• Traduction : tout est une question de nuance

    J'ai toujours eu du mal à traduire d'une langue à l'autre. J'aurai fait une très piètre interprète et c'est d'ailleurs la raison principale qui m'a décidée à bifurquer de mes études de LCE allemand au profit de la géographie. Ce qui me bloquait le plus dans les traductions et versions que nous passions de l'allemand au français ou du français à l'allemand et qui me bloque d'ailleurs encore souvent... c'est cette question de nuance. Parfois même trop souvent à mon goût le mot que l'on veut traduire n'a pas d'équivalent exact dans l'autre langue. On s'en approche mais c'est pas tout à fait ça, non pas assez... Ou pire ! Il n'existe tout simplement pas dans la langue. Auquel cas comment le traduire ? Car toute langue véhicule des valeurs culturelles, des idées et des images derrière tout emploi de mot  je vous avais déjà parlé de cette notion dans un article précédent sur le thé. Le mot traduit va non seulement, dépendre du contexte d'utilisation, mais aussi du récepteur et de l'émetteur ainsi que de leur propre prisme culturel...
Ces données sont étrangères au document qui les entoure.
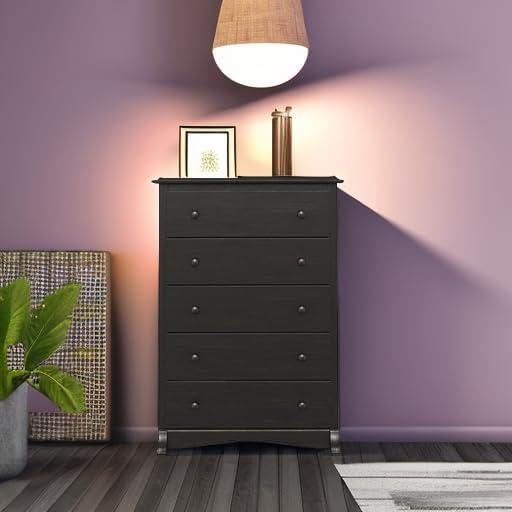 Prepac Monterey 5 Drawer Dresser Washed Black: Wood Composite Vertical Storage, 45.25" High
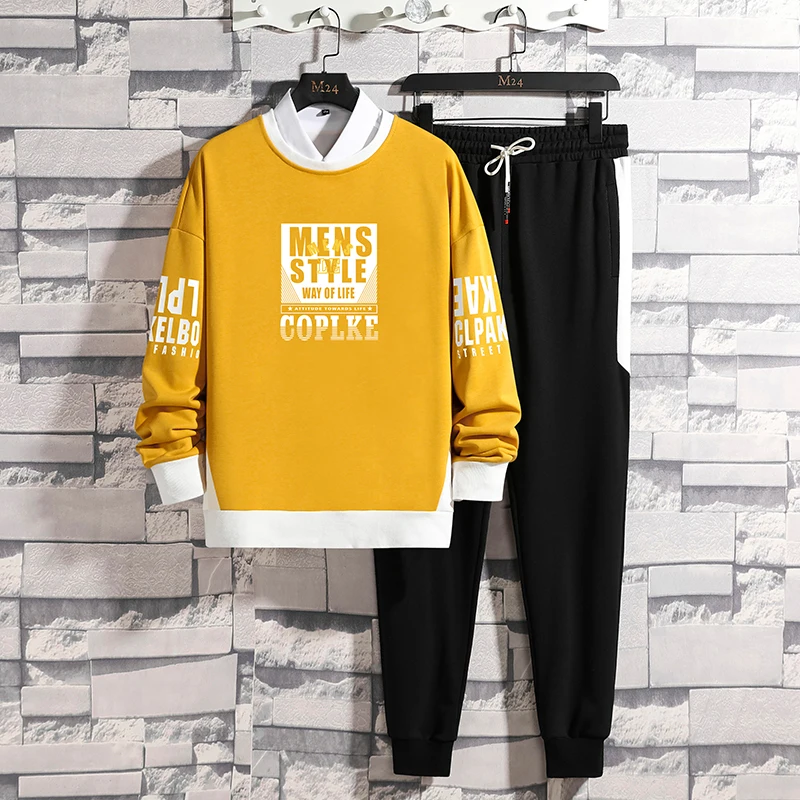 2023 New Men's Two-piece Long-sleeved Sports Sweater+sports Pants Fashion Men's Sports Suit Letter-printed Sports Suit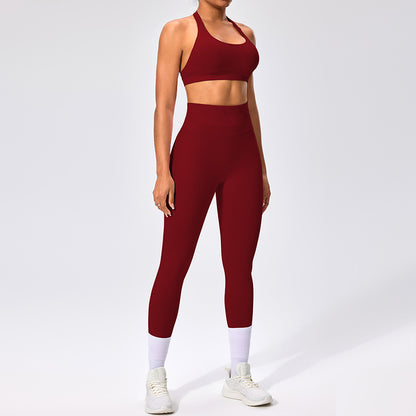 Women's Outdoor Yoga Set with Open Back Sports Bra and Pants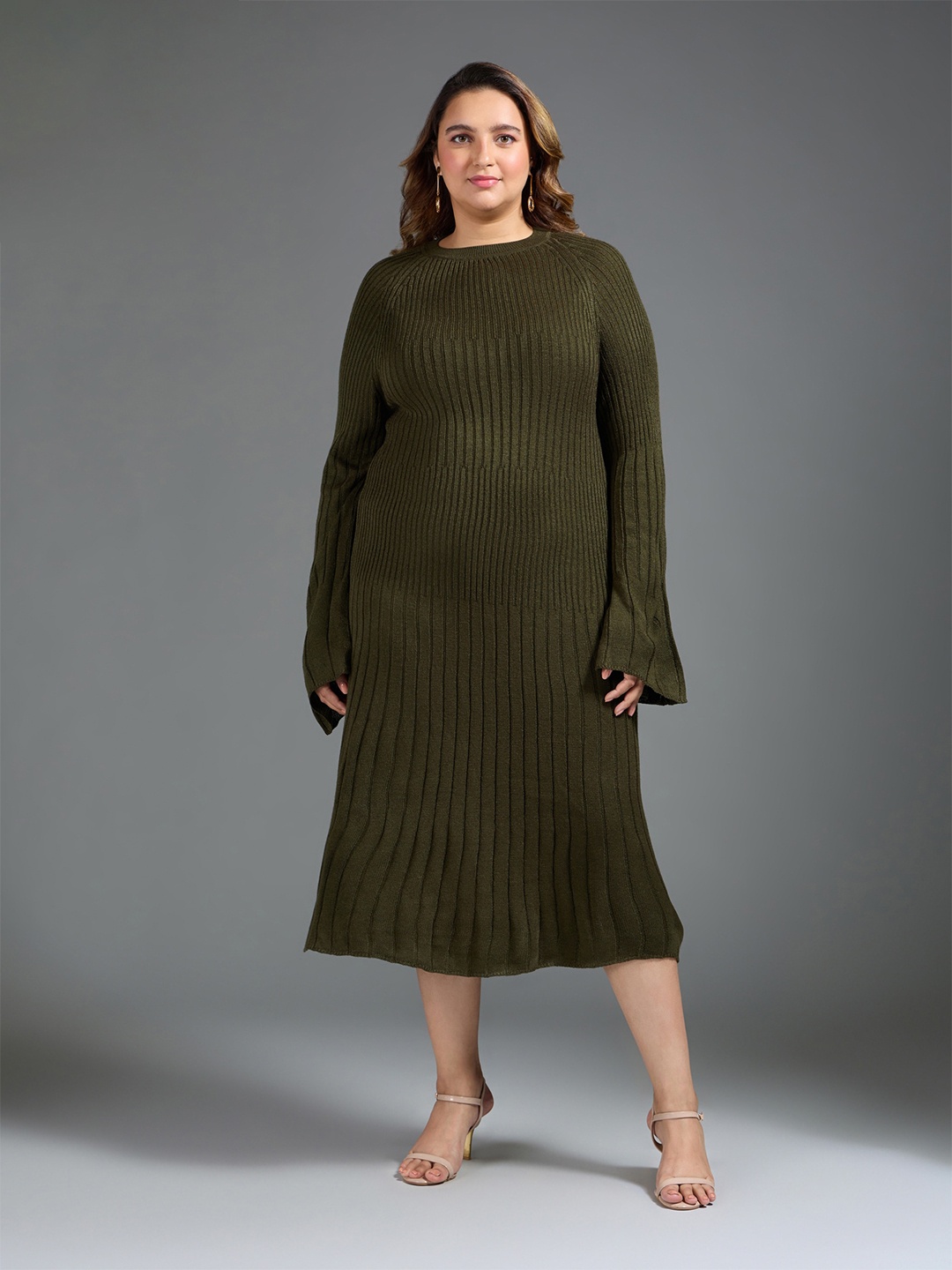 

20Dresses Plus Size Self Design Bell Sleeves Acrylic A-Line Midi Dress, Olive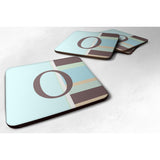 Caroline'S Treasures Cj1003-Ofc Monogram-Blue Stripes Foam Coasters (Set Of 4), Initial Letter O, 3.5 H X 3.5 W, Multi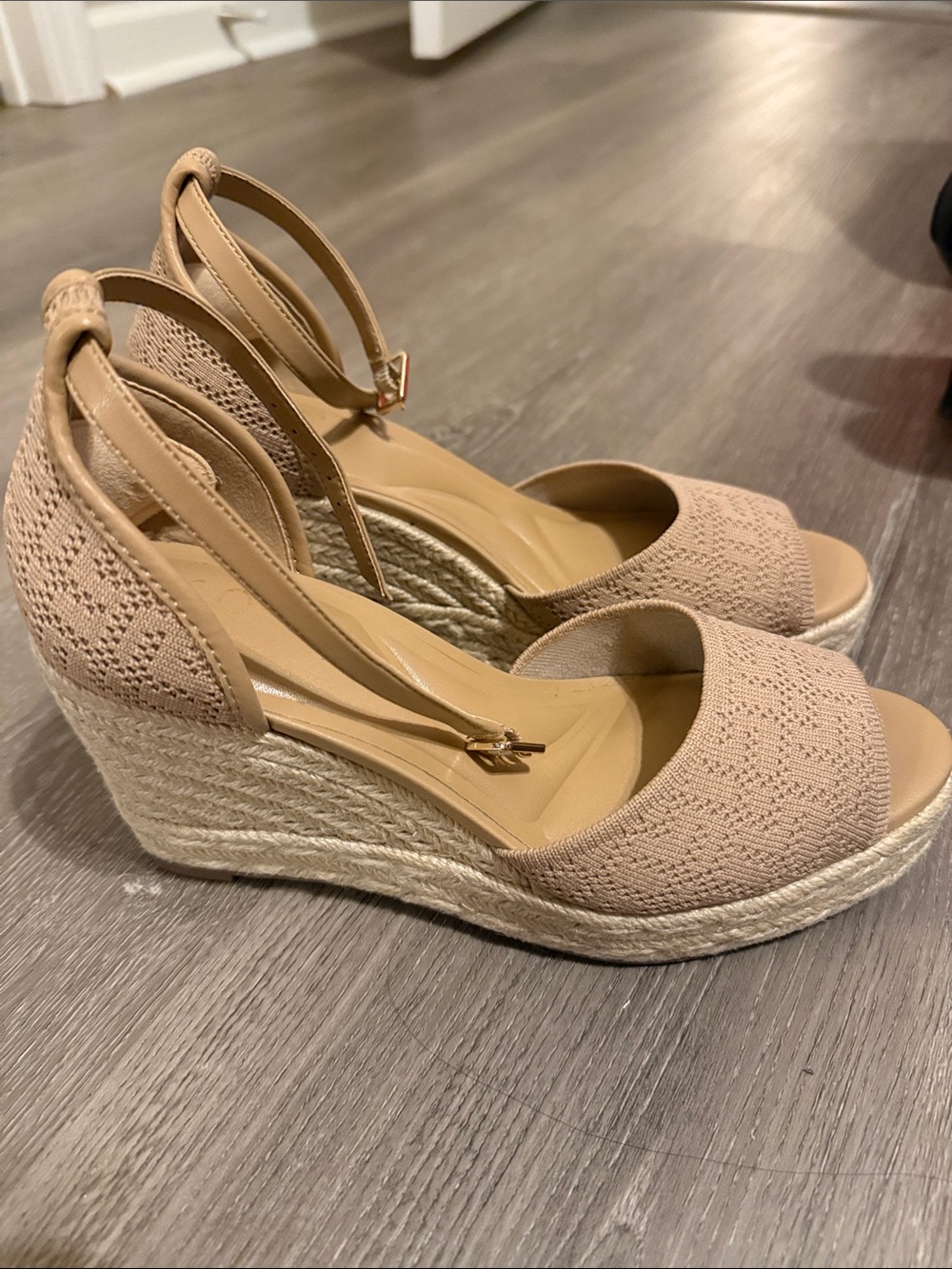 Neutral Knit Espadrille Wedge Sandals - Beige Open Toe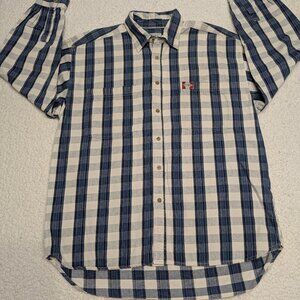 Brittania Vintage Blue Plaid Flannel Shirt - Mens Large - MINT 100% Cotton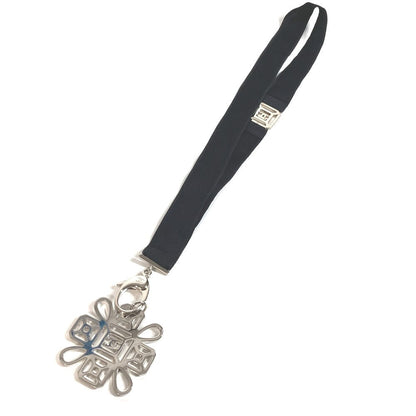 CHANEL strap metal black CC COCO Mark Rhinestone Neck strap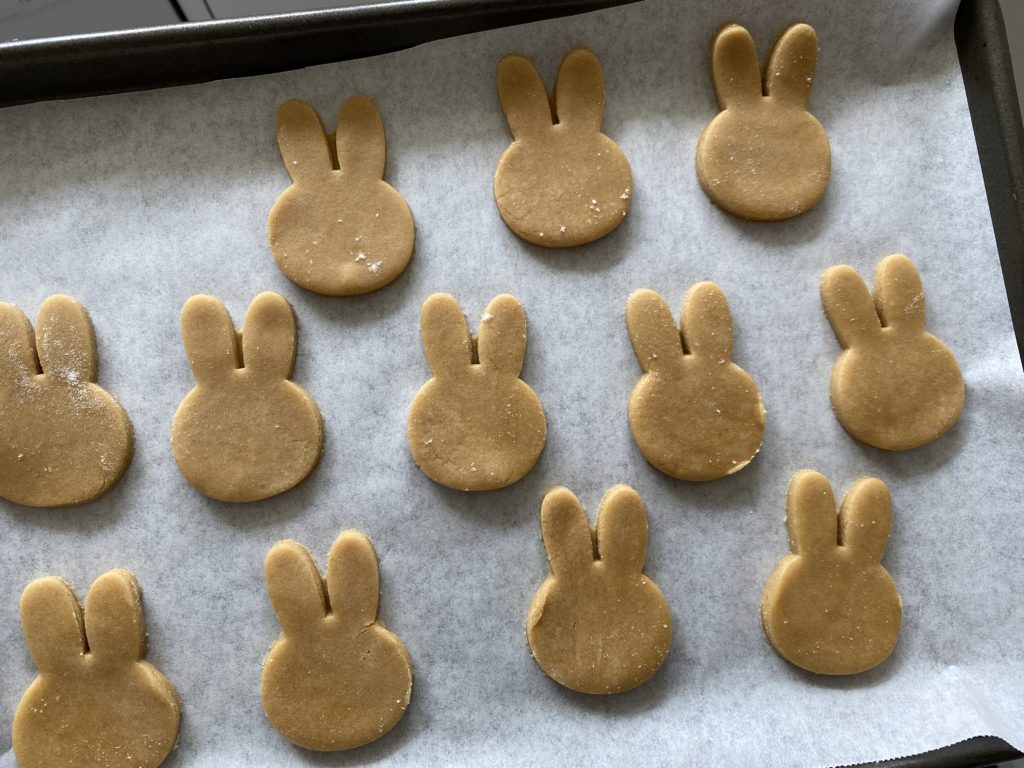 baking gingerbread bunnies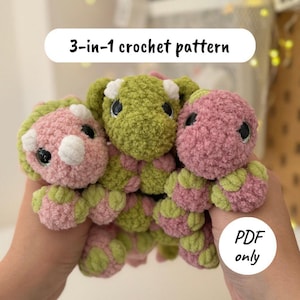 Crochet pattern Pocket snuggler 3-in-1 Dinosaur and Dragon | low-sew amigurumi crochet pattern | crochet Brontosaurus, Triceratops, Dragon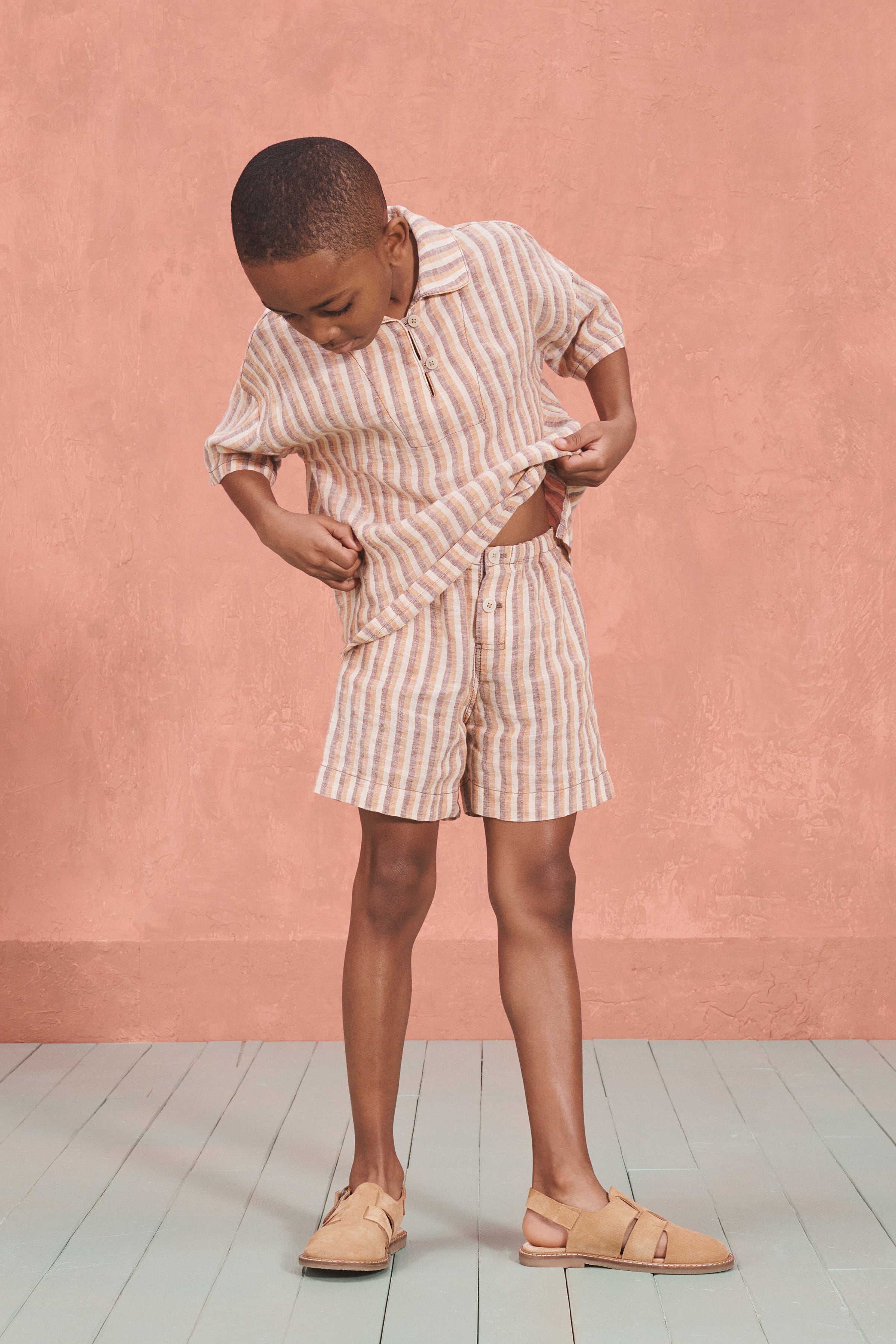 STRIPED LINEN SHORTS LIMITED EDITION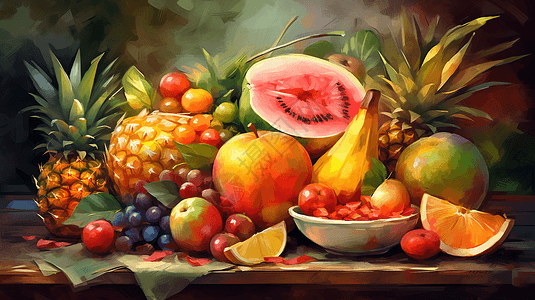 丰富的夏季热带水果油画图片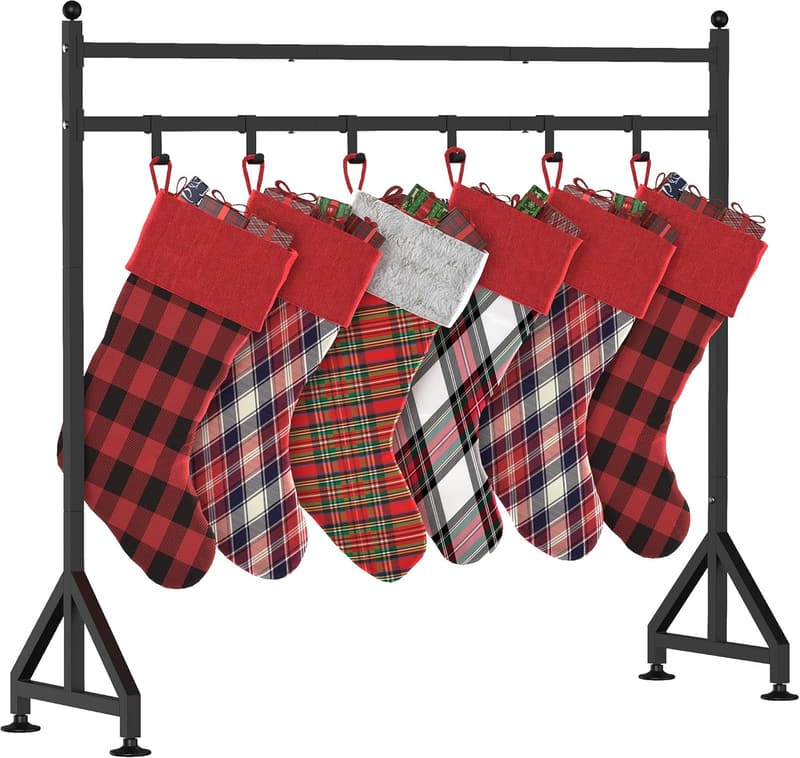 Heavy-Duty Metal Christmas Stocking Holder Stand with 8 Hooks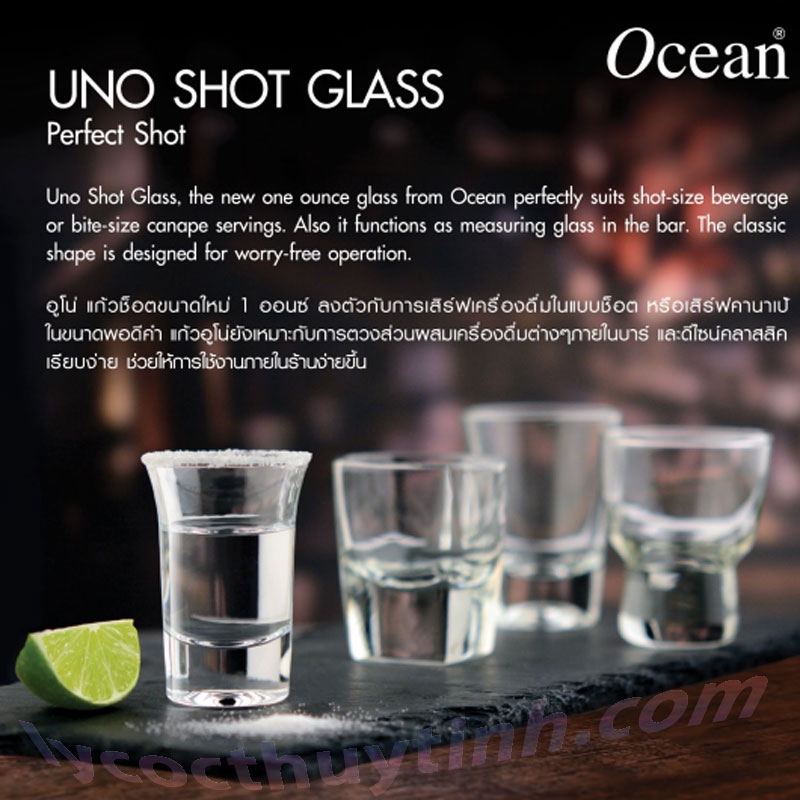 [Đại lý ocean] Bộ 6 cốc ly chén rượu thủy tinh uno Shot thái lan ocean P02910 (35ml)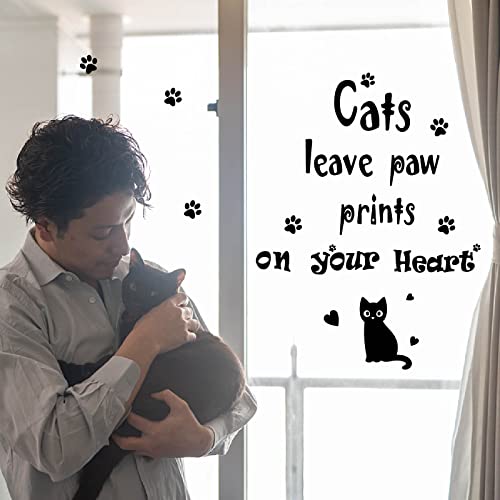SUPERDANT Cats Wall Decor Black Cat Wall Stickers Cats Leave Paw Prints on Your Hearts Stickers Cute Animals Decals for Living Room Bedroom Pet Hospital Decorations Wall Sticker Home Wall Decor by SUPERDANT - Image 4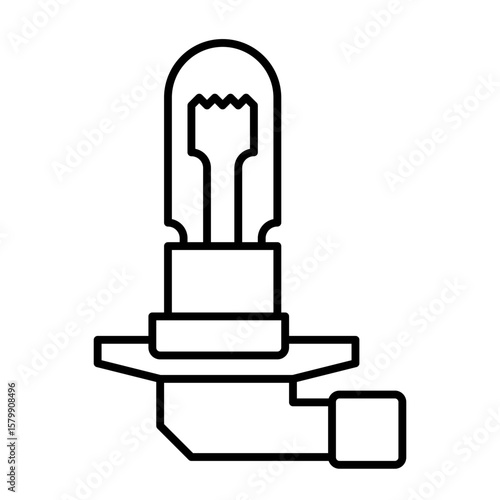 Single car spare part clean line icon mechanic outline element abstract symbol for vehicle service garage workshop maintenance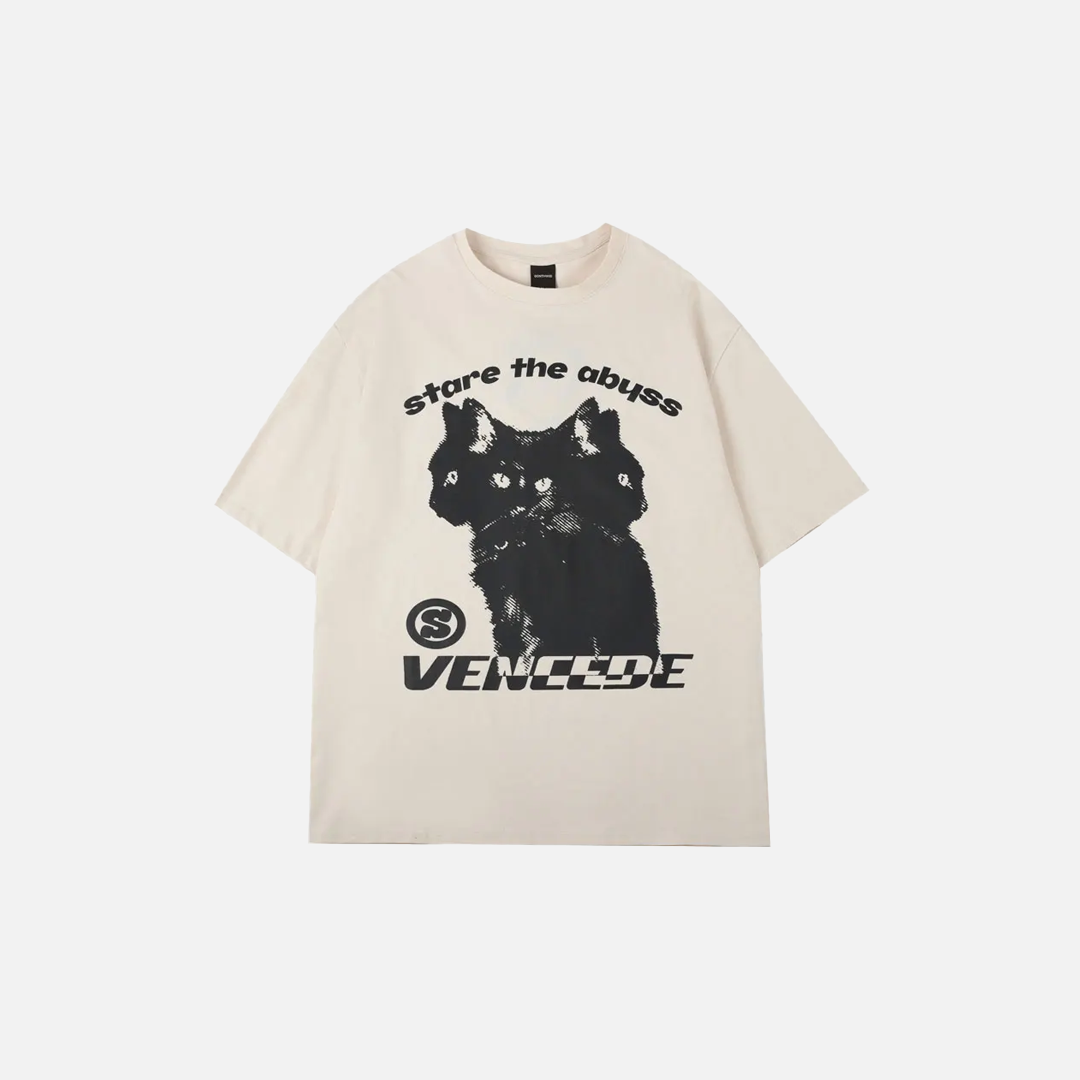 Punk Gothic Cat Print Loose Short Sleeve T-Shirt - Luxuryurbanwear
    Pour illustrer ces propos un bon exemple en allemand est sans doute le Fernweh, vous connaissez peut-être déjà le Heimweh de heim = domicile / foyer et weh = douleur / mal qu'on pourrait se contenter de rapprocher du "Mal du pays" français mais en vérité, c'est tellement plus... Puisque c'est le manque du foyer, de la maison, qui représente la nostalgie d'un petit cocon confortable, plus centré sur sa ville natale, son village d'origine ou sa maison de famille, lié à l'affection qu'on lui porte que du "pays" au sens large. Donc le Fernweh de fern = distance et weh = douleur / mal lui c'est un peu l'opposé, il représente l'envie de partir en mettant une distance avec le lieu où je me trouve actuellement, d'aller loin, être en mal de voyager après le confinement qu'on a vécu on comprend beaucoup mieux cette notion de "nostalgie du voyage" ^^. Pour essayer de vous en faire une idée plus précise : si le Heimweh c'est le désir et la nostalgie de retourner chez soi, quand on est un peu casanier, le Fernweh c'est un peu le désir et la nostalgie de partir dans des pays loin ou inconnus pour les aventuriers. Deuxième exemple et non des moindre, parlons aussi de mots maux quotidiens ! Avec le Ohrwurm, "le ver d'oreille", qui signifie avoir une chanson en tête dont on arrive pas à se débarrasser les fans incontestés de Kaamelott auront une image précise de ce que peut être le Ohrwurm... Et proposeront peut-être de le nommer en français une "Volette" (ou pas) mais ça prouve bien que c'est véhiculé par une culture, puisque lié à des éléments culturels français, en l’occurrence ici, une série TV.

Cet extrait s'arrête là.